Exercise data >>

------------------------

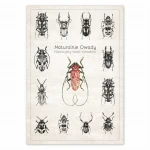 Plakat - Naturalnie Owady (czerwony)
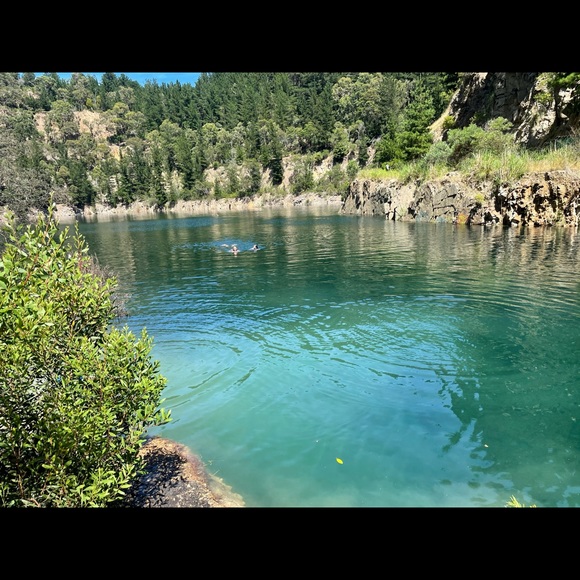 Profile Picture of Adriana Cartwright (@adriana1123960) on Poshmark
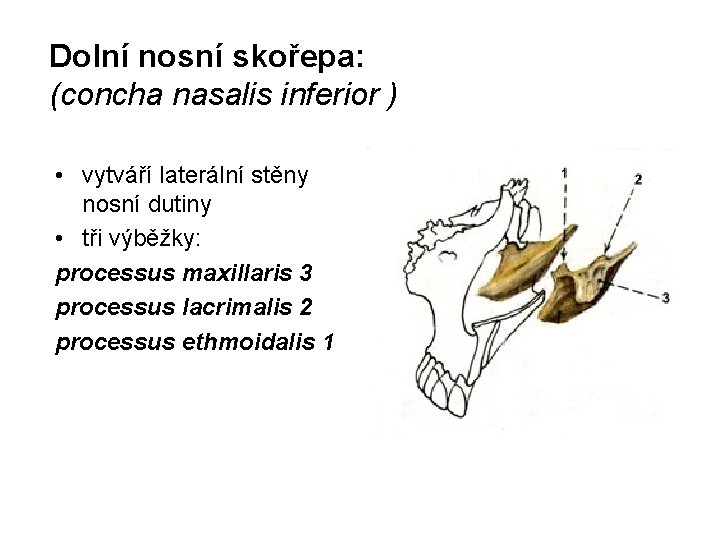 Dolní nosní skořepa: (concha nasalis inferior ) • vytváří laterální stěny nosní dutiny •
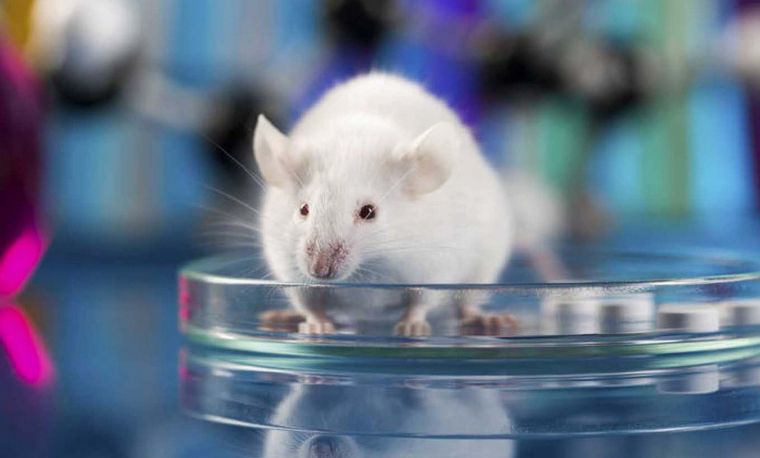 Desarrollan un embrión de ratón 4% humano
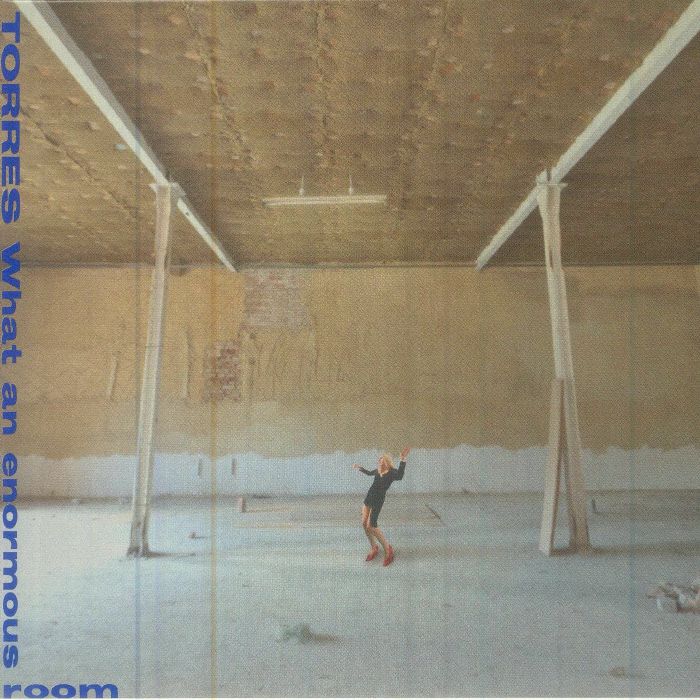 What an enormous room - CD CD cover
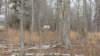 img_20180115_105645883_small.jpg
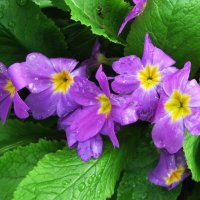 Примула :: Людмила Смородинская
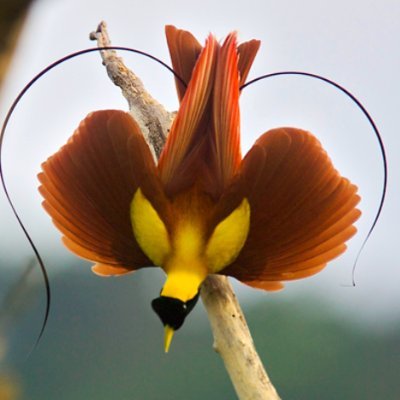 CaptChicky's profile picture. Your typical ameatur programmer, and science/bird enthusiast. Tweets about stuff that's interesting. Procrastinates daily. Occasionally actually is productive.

------------------------

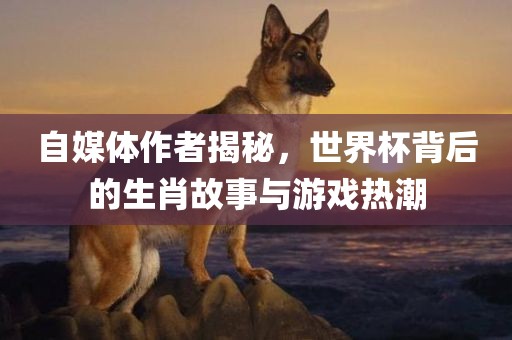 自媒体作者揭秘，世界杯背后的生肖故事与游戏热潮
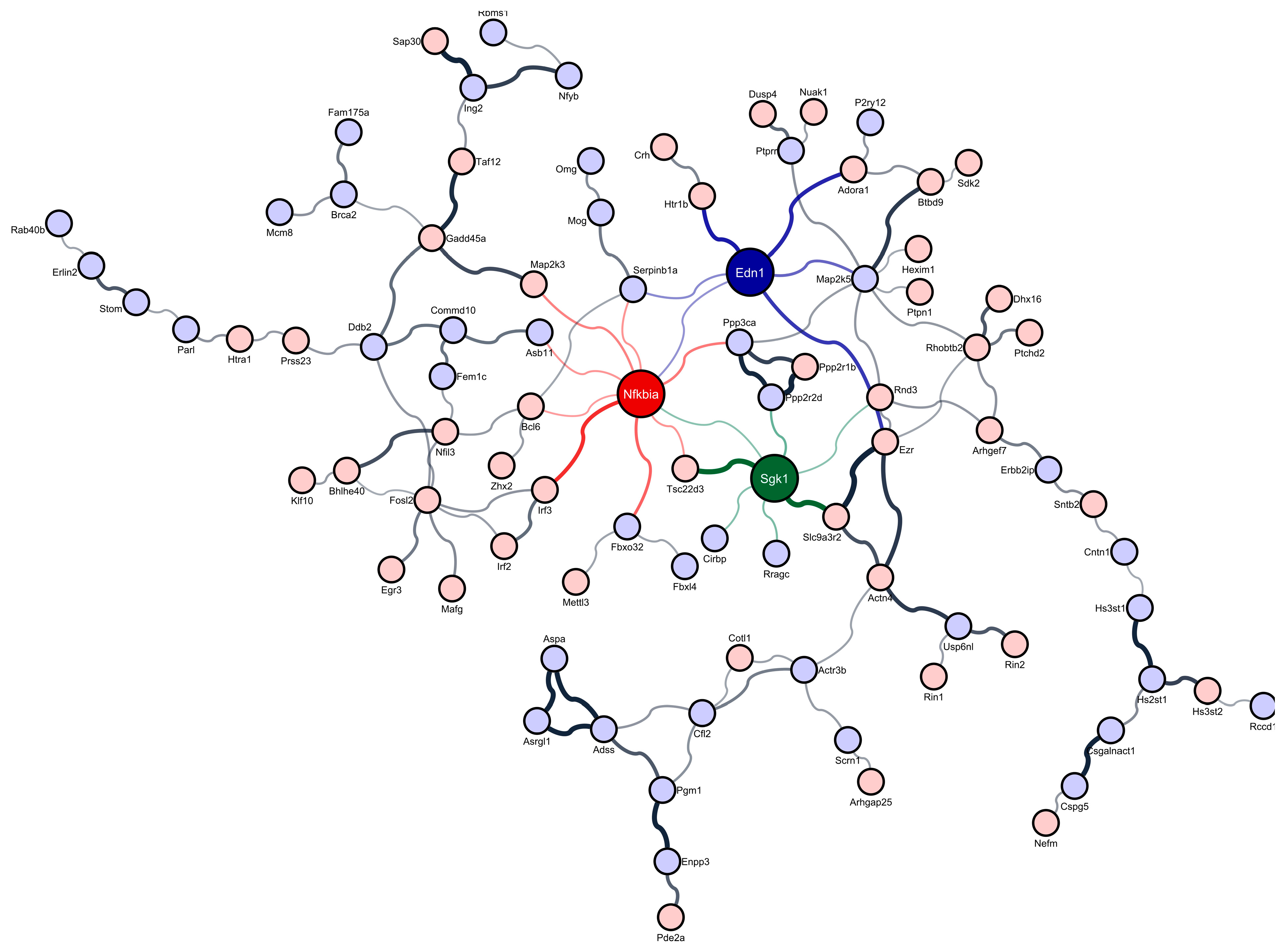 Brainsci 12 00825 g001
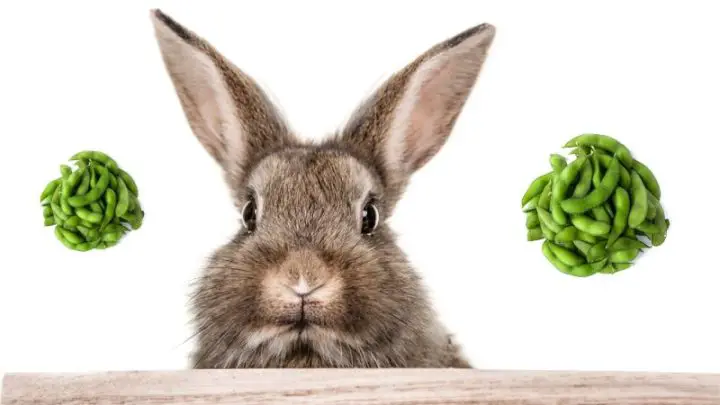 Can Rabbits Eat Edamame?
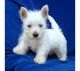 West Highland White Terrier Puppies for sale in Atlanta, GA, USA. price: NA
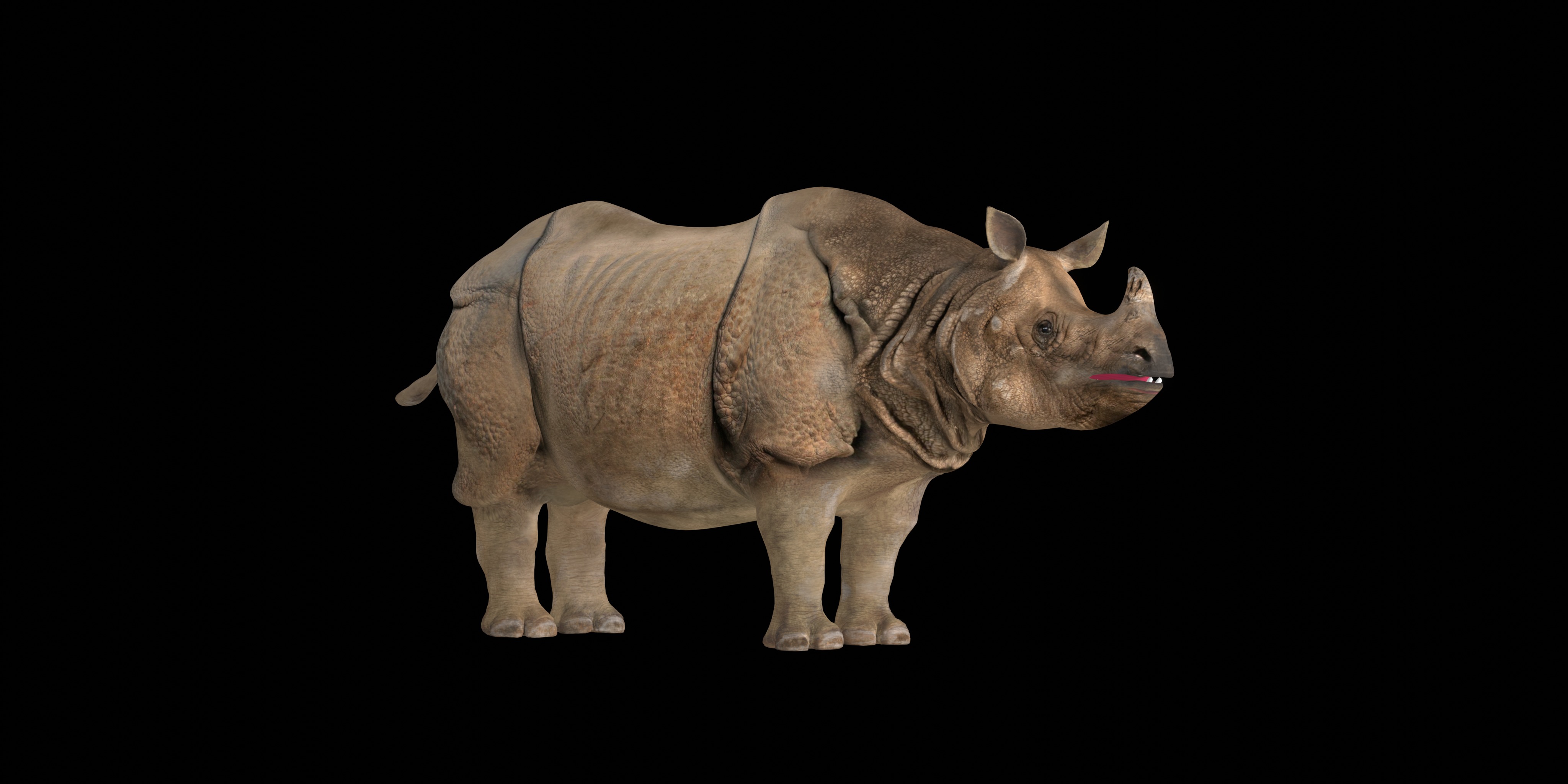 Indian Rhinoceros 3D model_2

------------------------

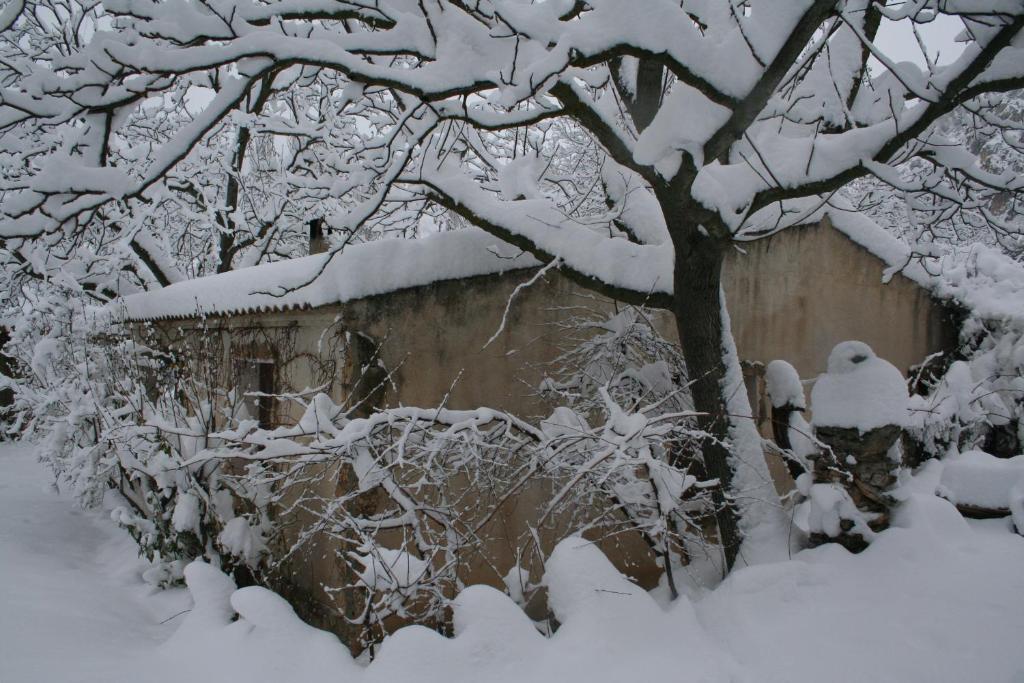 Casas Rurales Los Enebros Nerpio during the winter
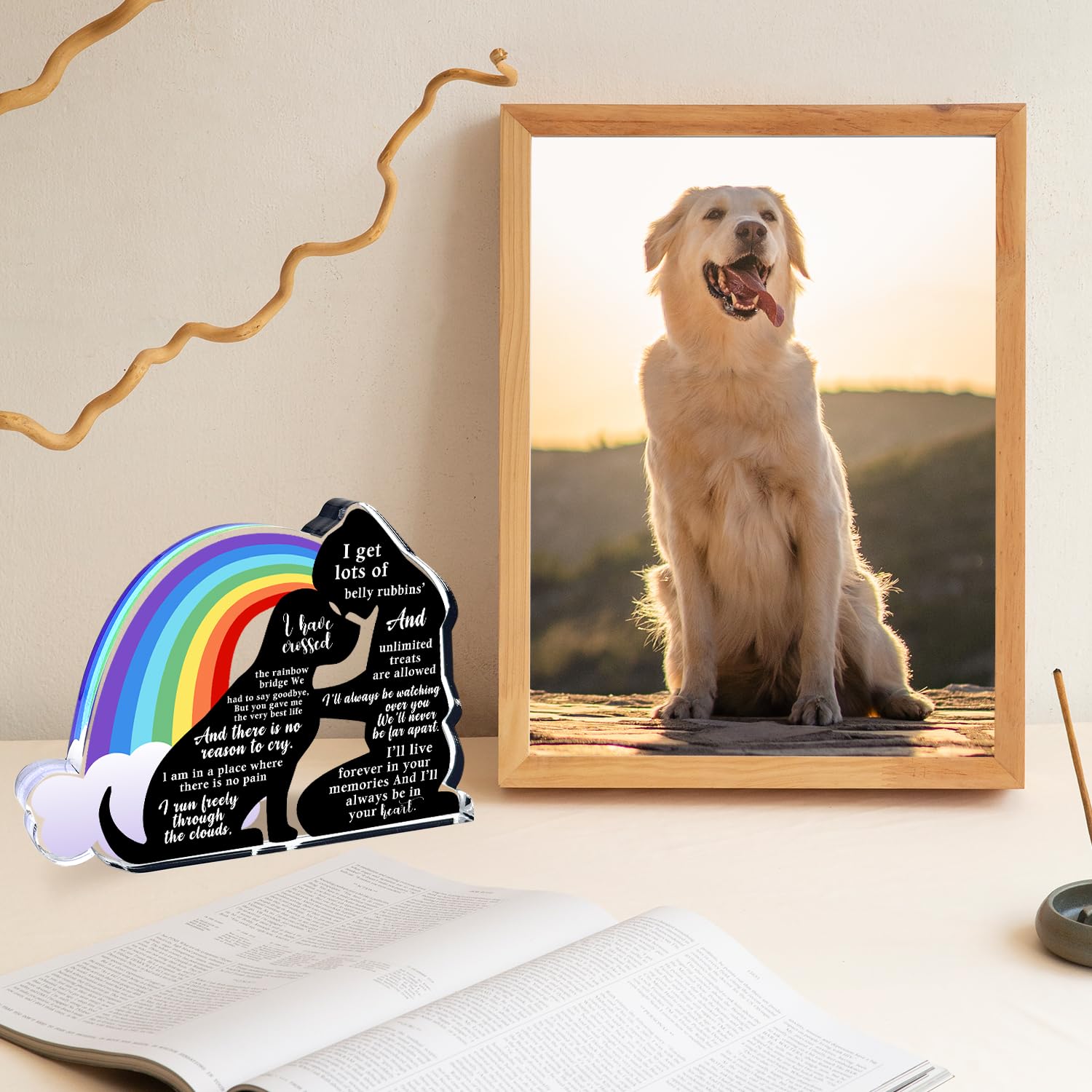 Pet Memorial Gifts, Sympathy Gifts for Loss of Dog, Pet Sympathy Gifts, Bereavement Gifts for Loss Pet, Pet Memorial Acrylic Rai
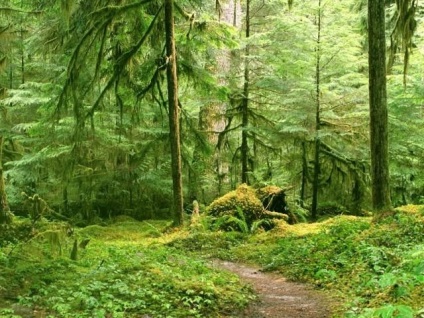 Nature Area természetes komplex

------------------------

Task >> Repeat exactly the lines above, from the line that contains "Can Rabbits Eat Edamame?" down through the line that contains "Indian Rhinoceros 3D model_2". Include both of those lines and none of the pictures.

Worked solution >>
 Can Rabbits Eat Edamame?
 West Highland White Terrier Puppies for sale in Atlanta, GA, USA. price: NA
 Indian Rhinoceros 3D model_2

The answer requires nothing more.